* [About this task]: For each line below with the word "Tree", write out a copy.

* [Data in this exercise]:

════════════════════

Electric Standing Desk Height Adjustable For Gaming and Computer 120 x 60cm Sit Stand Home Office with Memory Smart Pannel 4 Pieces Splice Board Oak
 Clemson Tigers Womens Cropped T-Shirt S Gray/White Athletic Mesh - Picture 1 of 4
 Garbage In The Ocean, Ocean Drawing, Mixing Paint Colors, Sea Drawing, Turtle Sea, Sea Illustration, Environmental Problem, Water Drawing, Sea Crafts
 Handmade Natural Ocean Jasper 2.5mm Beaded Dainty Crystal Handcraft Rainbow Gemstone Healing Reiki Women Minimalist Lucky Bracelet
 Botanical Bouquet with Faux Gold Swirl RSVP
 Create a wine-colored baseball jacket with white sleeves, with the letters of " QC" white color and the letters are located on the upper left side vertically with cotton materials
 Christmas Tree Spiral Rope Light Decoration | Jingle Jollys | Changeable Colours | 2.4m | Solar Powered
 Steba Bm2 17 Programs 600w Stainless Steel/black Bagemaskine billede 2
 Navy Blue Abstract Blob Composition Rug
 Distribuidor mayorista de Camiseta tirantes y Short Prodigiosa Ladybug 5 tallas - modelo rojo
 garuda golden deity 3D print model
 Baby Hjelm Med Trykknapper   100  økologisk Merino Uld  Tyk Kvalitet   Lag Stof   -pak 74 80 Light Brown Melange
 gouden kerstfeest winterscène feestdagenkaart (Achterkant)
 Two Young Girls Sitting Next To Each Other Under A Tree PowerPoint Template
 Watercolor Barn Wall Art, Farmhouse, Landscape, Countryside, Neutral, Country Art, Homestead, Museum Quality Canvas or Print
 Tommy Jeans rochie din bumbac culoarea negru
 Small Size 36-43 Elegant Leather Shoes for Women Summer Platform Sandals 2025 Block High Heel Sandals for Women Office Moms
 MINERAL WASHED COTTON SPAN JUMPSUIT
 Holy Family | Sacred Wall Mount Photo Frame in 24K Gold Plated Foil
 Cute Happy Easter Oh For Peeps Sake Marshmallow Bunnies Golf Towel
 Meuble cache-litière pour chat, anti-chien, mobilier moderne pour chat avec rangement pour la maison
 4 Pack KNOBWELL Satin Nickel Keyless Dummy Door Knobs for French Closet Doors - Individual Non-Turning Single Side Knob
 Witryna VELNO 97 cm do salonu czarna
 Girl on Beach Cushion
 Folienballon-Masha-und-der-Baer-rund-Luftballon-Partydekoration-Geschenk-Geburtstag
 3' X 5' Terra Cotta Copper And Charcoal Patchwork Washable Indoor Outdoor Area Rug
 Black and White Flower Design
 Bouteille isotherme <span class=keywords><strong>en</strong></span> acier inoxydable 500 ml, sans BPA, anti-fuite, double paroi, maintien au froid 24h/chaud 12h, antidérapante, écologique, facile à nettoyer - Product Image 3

════════════════════

* [Exercise solution]:
 Christmas Tree Spiral Rope Light Decoration | Jingle Jollys | Changeable Colours | 2.4m | Solar Powered
 Two Young Girls Sitting Next To Each Other Under A Tree PowerPoint Template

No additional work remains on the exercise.